13. The improvement of Claim 12 wherein said base member includes fifth and sixth and seventh and eighth support arms, said fifth and seventh and said sixth and eighth support arms cooperating to attach to additional portions of said fin means to fixedly support said fin means.

14. The improvement of Claim 2 further including insulating means between said second conductor and said fin means.

15. The improvement of Claim 14 wherein said insulating means, semiconductor means and second output conductor are deposited on said fin means by thick film techniques.

16. The improvement of Claim 14 wherein said insulating means, semiconductor means and second output conductor are deposited on said fin means by thin film techniques.
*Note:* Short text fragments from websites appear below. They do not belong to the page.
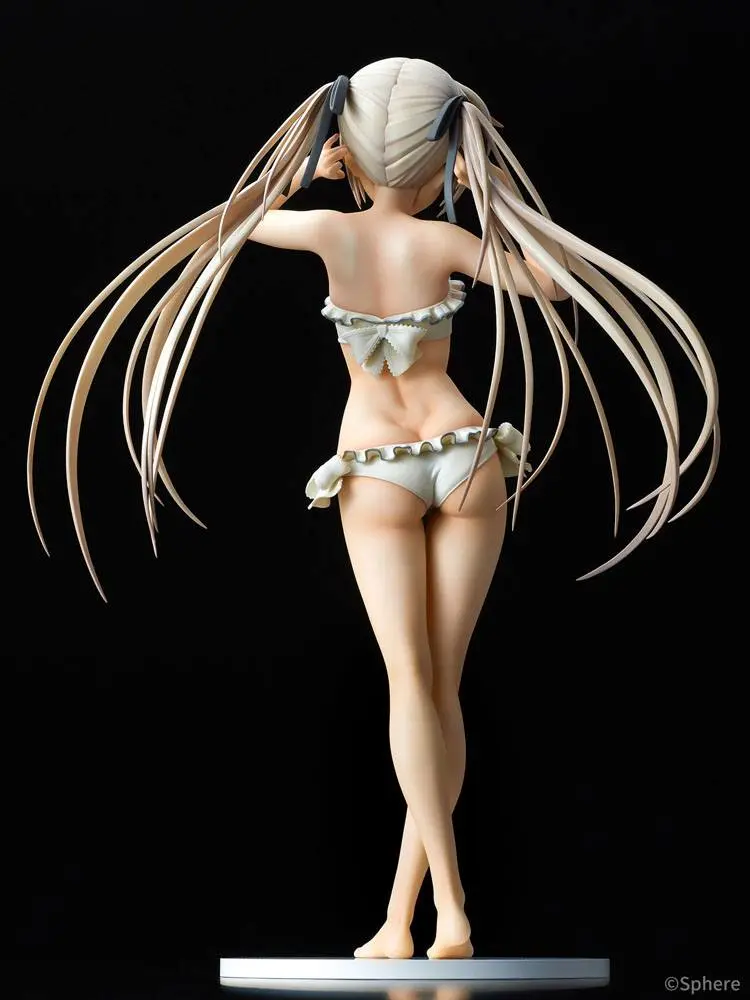 Yosuga no Sora PVC Statue 1/6 Sora Kasugano Bikini Ver. 26 cm termékfotó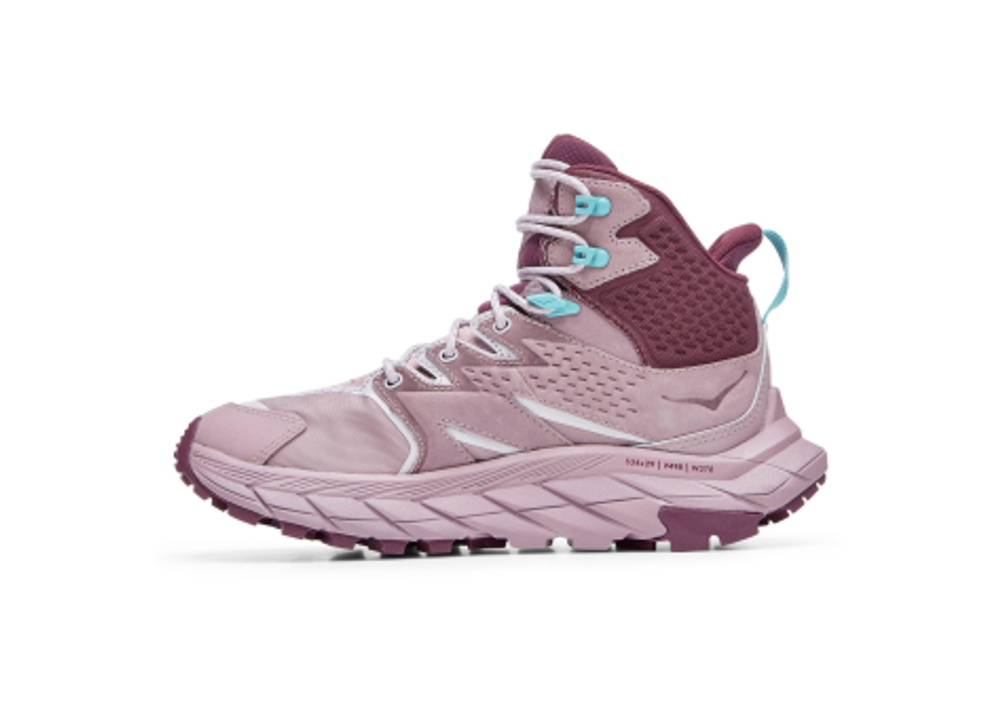 Ботинки женские Hoka Anacapa mid GTX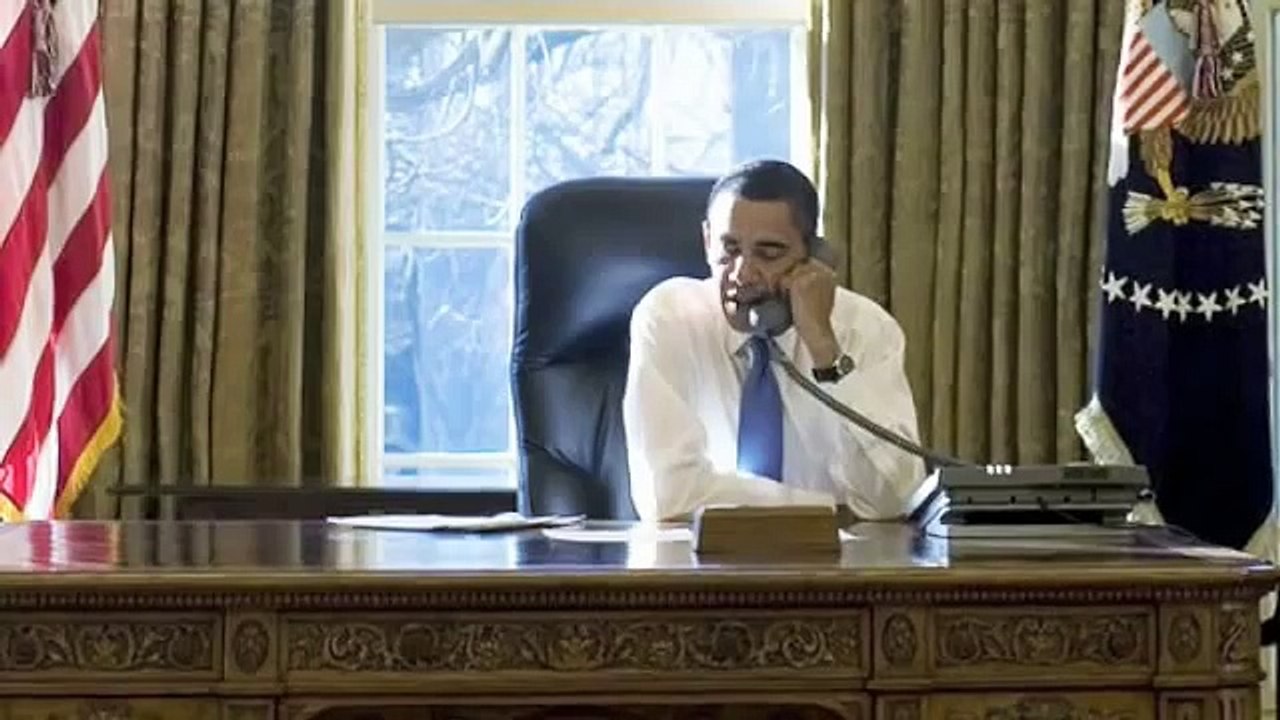 Hail To The Chief - Barack Obama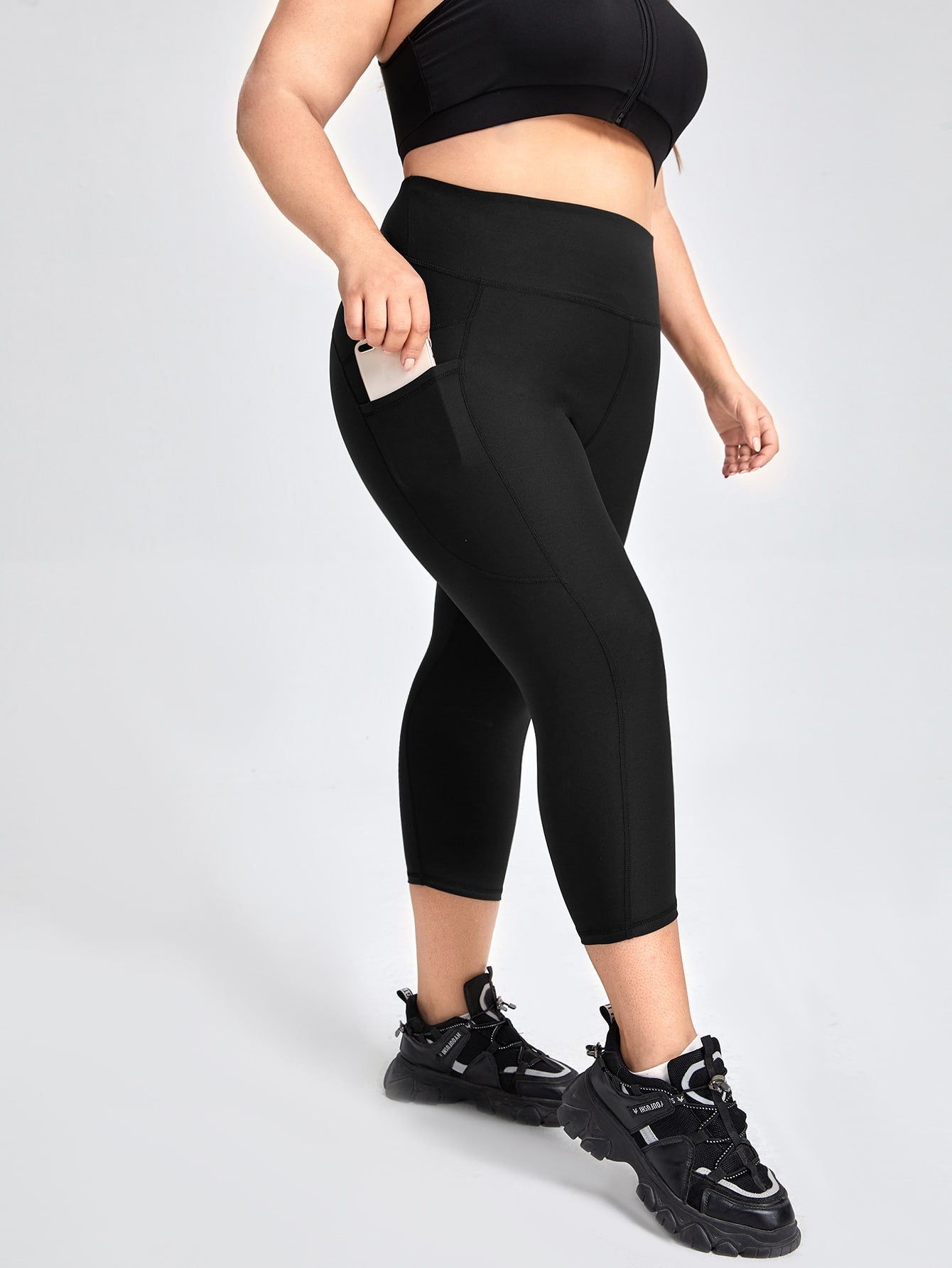 Plus Size Sports Leggings & Pants Producers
17. A temperature sensor for sensing the temperature of a fluid comprising a base member, fin means formed of a thin disc having a high surface area to mass ratio fixedly mounted on said base member, said fin means being in the shape of a dome and positioned in sealing engagement with said base member whereby said fluid to be sensed may flow only over the outer surface of said fin means, semiconductor means mounted on an interior surface of said fin means having the characteristic of changing resistance with changes in temperature, a first output conductor connected to said fin means, a second output conductor electrically insulated from said fin means and connected to the surface of said semiconductor means remote from the surface of said semiconductor means in electrical contact with said fin means.

18. The sensor of Claim 17 wherein said first and second conductors are at least partially molded in said base member.

19. The improvement of Claim 18further including a relatively open cage means fixingly mounted in surrounding relation with said fin means and said semiconductor means.

20. The improvement of Claim 19wherein said cage means is formed of a plurality of wires having a generally U-shaped, said wires being joined at the apex of said U-shape.

21. The improvement of Claim 20 wherein said temperature sensor further includes a connector element having a threaded portion for attaching said temperature sensor to a member through which the fluid to be sensed is flowing, said cage assembly being fixingly attached to said connector to enclose at least a portion of said base member said fin means and said semiconductor means.

22. The improvement of Claim 21 wherein said connector member is generally circular shaped, said base member being received within the interior of said connector, said connector having a portion thereof swaged to retain said base member within the confines of said connector.

23. The improvement of Claim 22 wherein said fin means is formed with an aperture therein and said first conductor is led through said base member and being bent over into engagement with the surface of said fin means and electrically connected therewith.

24. The improvement of Claim 17 wherein said semiconductor means is deposited on said fin means by thick film techniques.

25. The improvement of Claim 17 wherein said semiconductor means is deposited on said fin means by thin film techniques.

26. The improvement of Claim17 wherein said second conductor is a whisker element in resilient engagement with said semiconductor means.